Top of DATA FOR REVIEW

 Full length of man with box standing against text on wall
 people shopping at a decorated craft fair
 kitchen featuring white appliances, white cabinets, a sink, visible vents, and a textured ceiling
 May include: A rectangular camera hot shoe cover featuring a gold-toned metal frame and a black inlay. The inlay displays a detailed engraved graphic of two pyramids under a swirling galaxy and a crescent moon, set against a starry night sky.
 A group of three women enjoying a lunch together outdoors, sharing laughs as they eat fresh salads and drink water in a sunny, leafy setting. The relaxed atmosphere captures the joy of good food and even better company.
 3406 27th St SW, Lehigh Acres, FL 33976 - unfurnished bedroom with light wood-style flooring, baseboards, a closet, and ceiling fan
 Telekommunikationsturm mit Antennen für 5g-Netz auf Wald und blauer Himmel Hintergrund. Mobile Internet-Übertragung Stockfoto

Bottom of DATA FOR REVIEW
Top of DATA FOR REVIEW

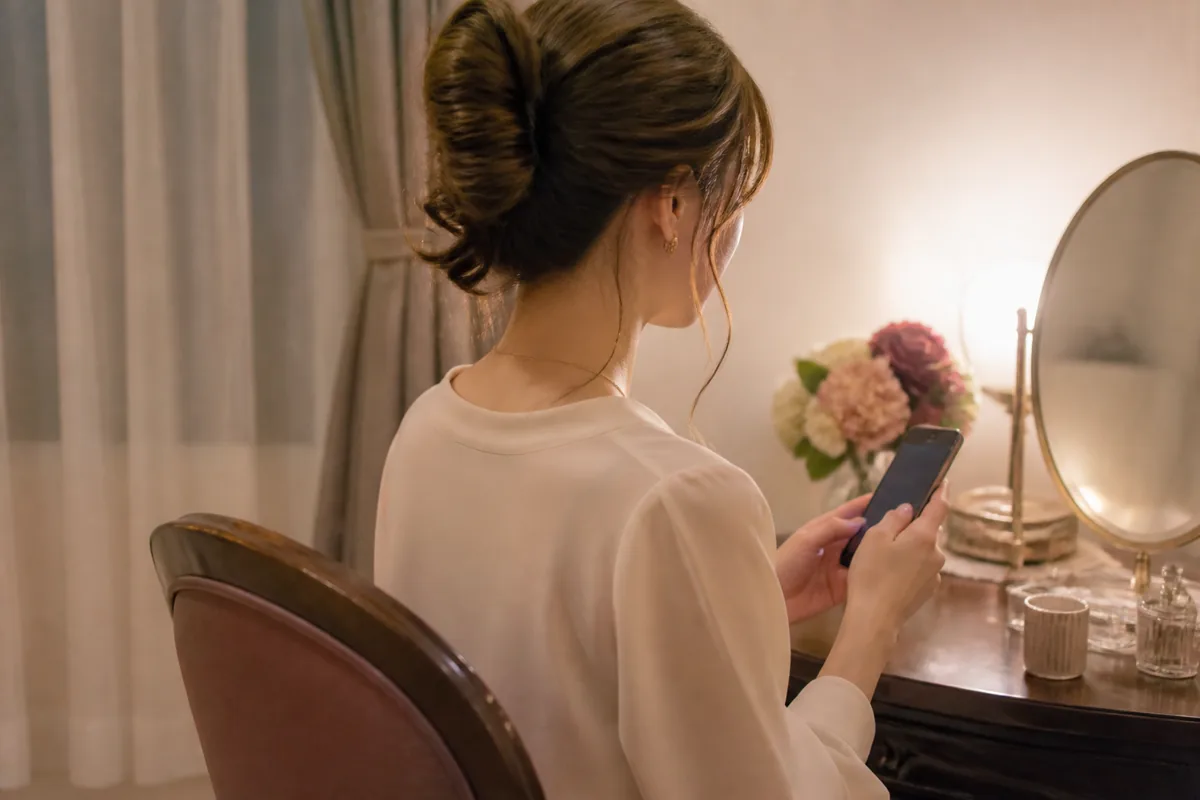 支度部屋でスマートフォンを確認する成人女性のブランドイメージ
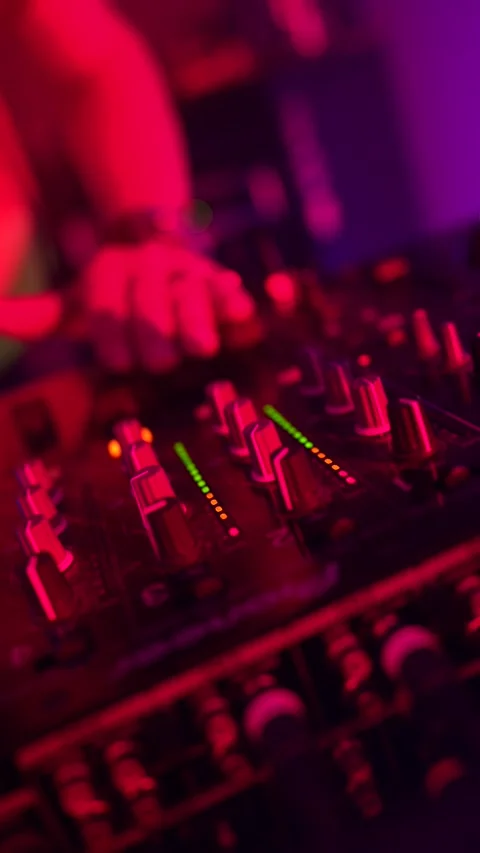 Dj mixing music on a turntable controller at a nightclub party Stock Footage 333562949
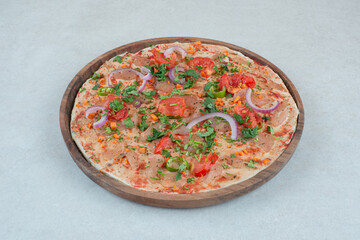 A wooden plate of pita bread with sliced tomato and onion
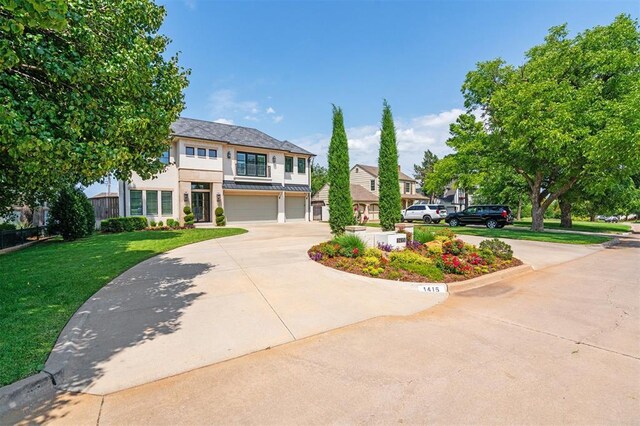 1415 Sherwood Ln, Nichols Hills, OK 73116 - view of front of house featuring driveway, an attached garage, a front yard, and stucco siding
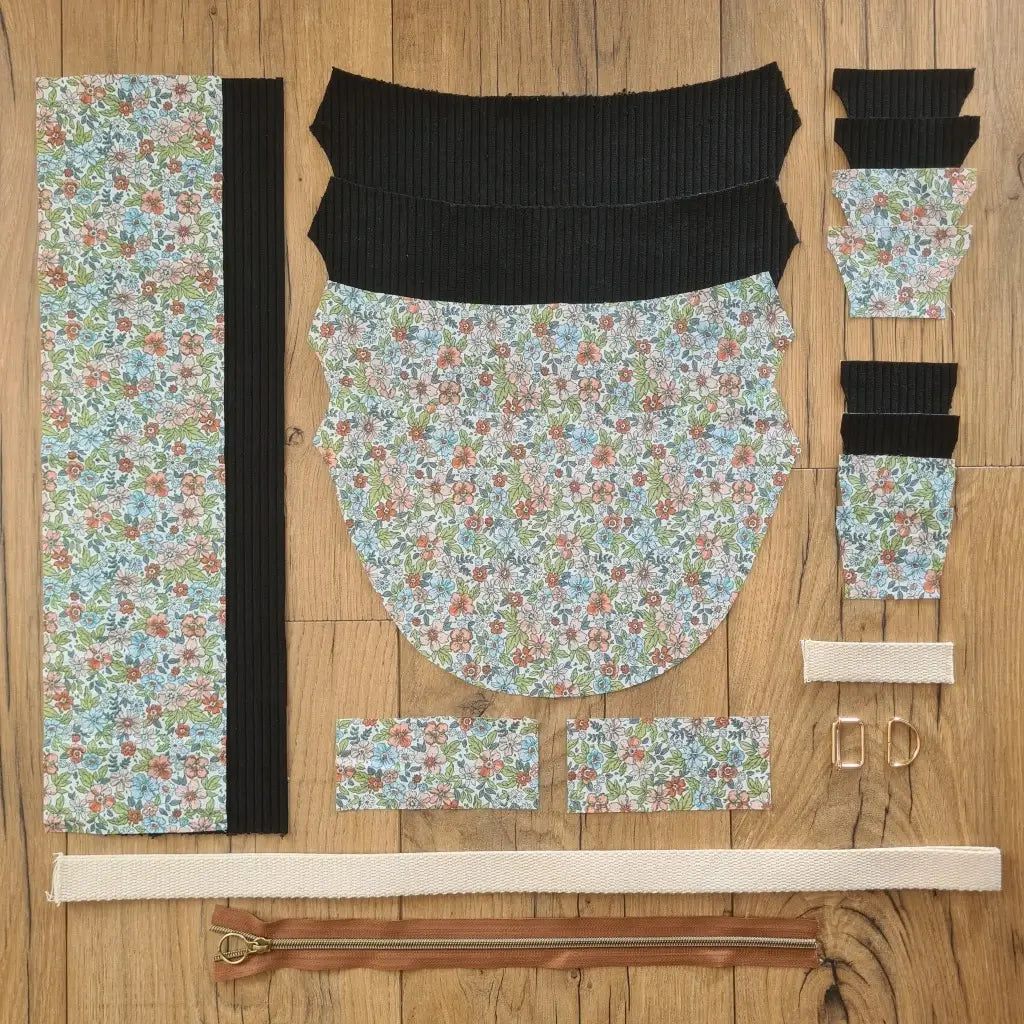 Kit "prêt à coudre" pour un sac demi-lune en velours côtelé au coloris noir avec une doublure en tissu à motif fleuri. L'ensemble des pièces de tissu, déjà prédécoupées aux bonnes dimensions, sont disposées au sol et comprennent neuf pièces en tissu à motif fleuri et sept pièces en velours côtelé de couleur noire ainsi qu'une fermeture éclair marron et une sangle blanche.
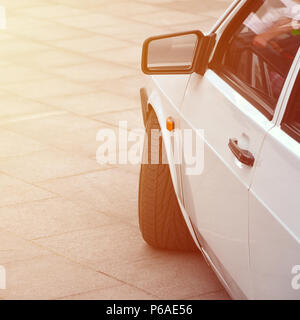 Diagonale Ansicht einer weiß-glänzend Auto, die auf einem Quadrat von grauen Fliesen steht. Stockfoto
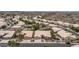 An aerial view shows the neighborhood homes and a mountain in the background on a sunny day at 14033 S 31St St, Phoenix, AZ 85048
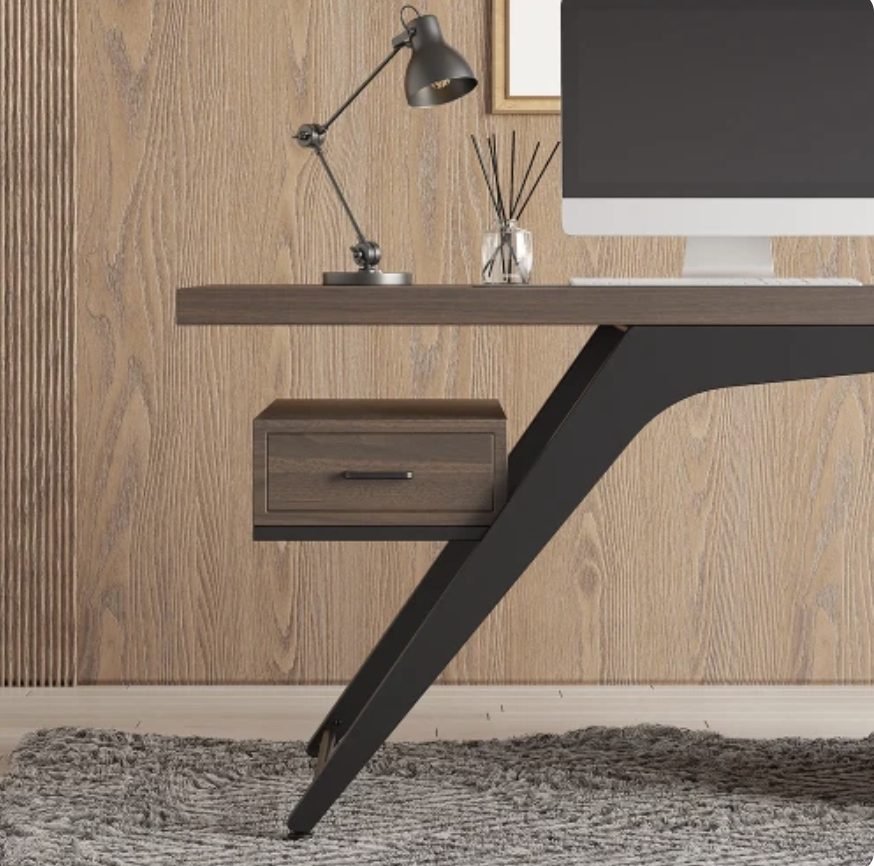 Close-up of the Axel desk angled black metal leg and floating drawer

Bottom of DATA FOR REVIEW
Top of DATA FOR REVIEW

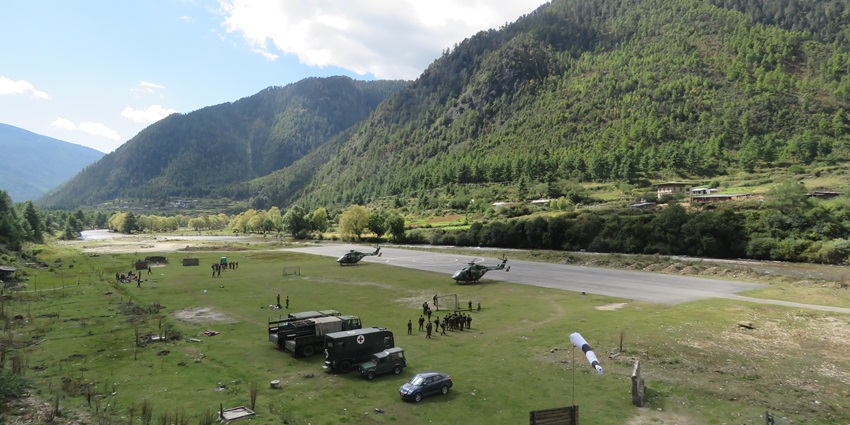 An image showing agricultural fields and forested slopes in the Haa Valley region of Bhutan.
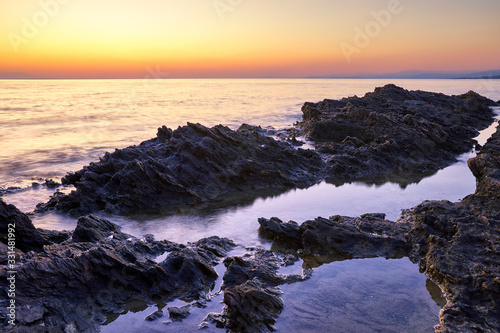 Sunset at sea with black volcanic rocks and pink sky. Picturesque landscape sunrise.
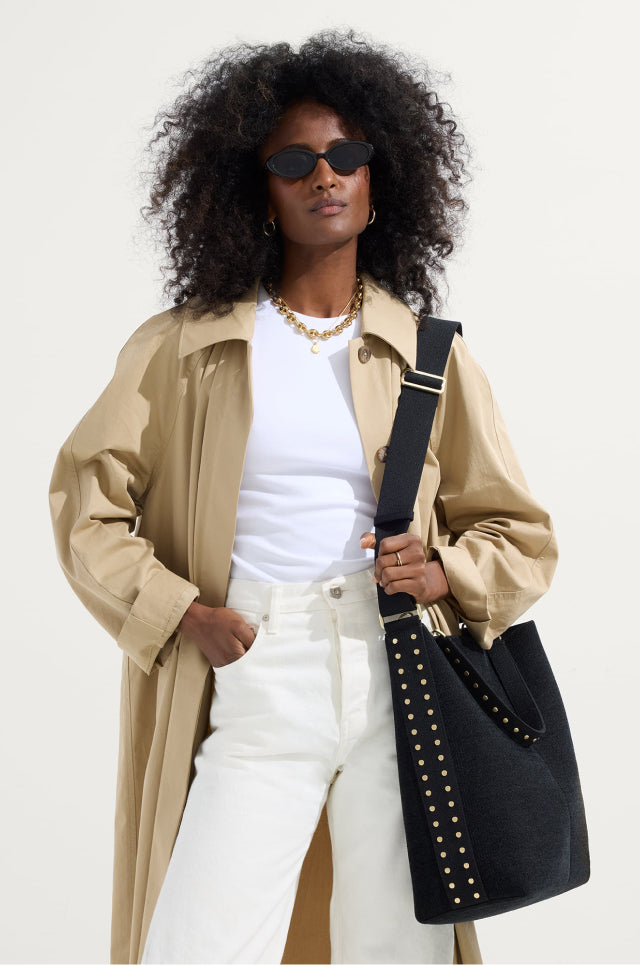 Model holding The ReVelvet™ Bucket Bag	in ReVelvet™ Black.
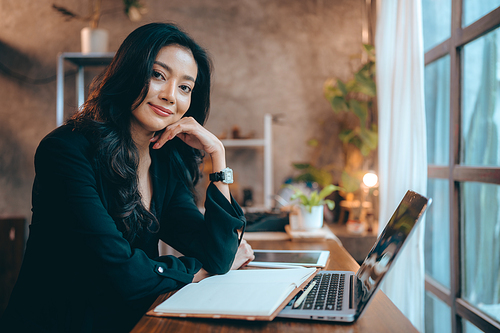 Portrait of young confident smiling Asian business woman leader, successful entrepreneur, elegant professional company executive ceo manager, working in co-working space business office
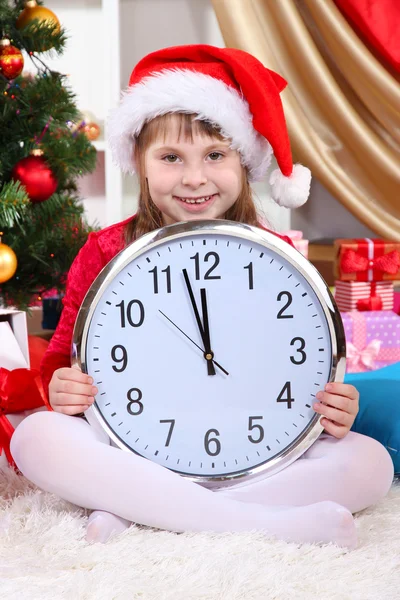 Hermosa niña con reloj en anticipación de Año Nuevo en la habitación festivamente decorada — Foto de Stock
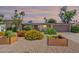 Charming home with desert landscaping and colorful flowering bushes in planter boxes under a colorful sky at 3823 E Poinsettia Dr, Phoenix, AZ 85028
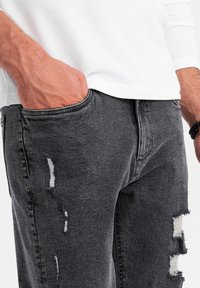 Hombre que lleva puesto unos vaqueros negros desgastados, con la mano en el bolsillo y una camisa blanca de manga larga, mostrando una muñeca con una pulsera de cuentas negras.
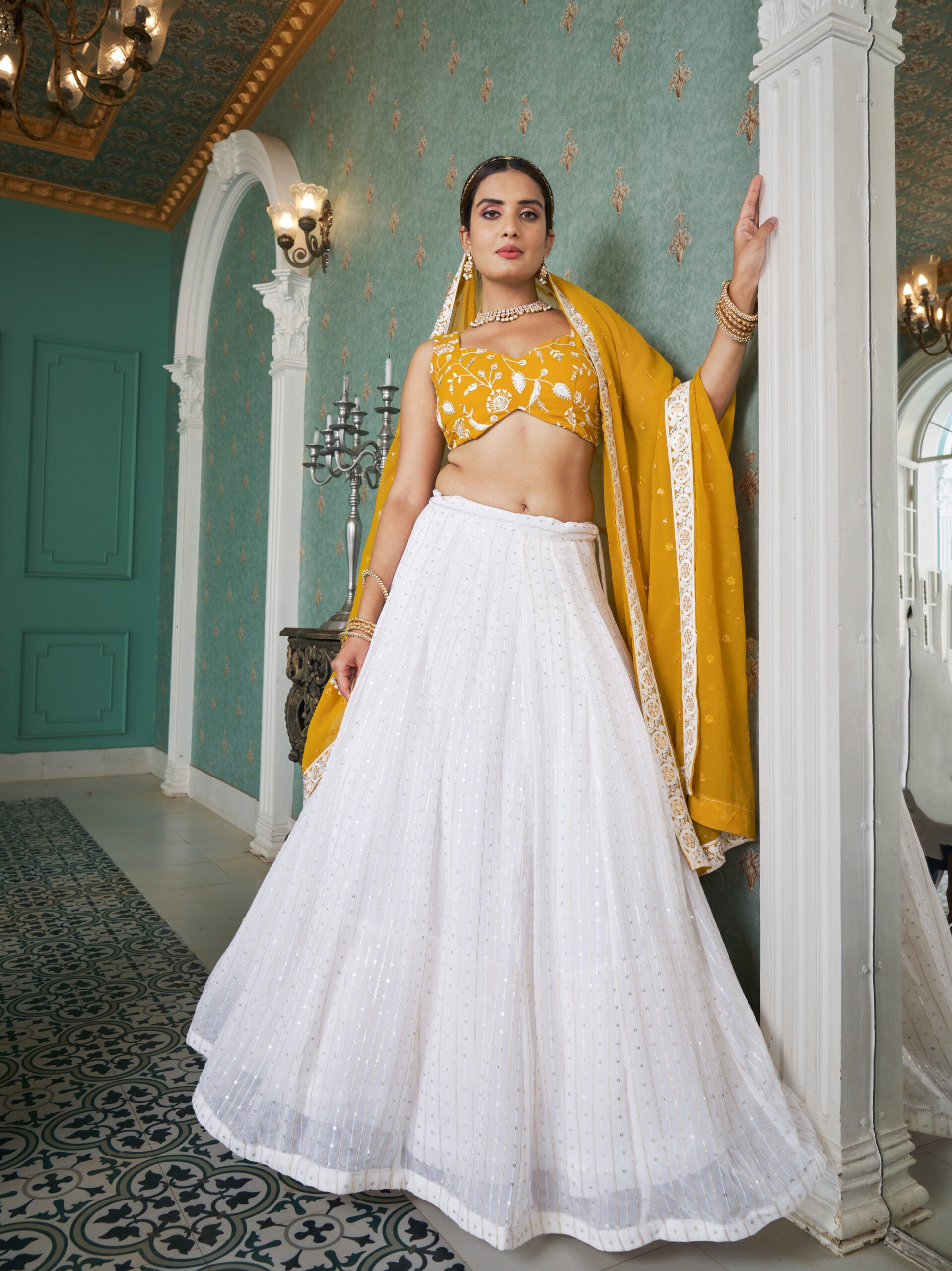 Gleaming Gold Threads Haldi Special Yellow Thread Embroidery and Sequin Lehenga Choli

Bottom of DATA FOR REVIEW

THE TASK - In the listing above, find the line with "Hombre que lleva" and the line with "Gleaming Gold Threads". Transcribe those two and everything between, exactly, leaving out pictures.

OUTPUT OF THE EXERCISE -
 Hombre que lleva puesto unos vaqueros negros desgastados, con la mano en el bolsillo y una camisa blanca de manga larga, mostrando una muñeca con una pulsera de cuentas negras.
 Gleaming Gold Threads Haldi Special Yellow Thread Embroidery and Sequin Lehenga Choli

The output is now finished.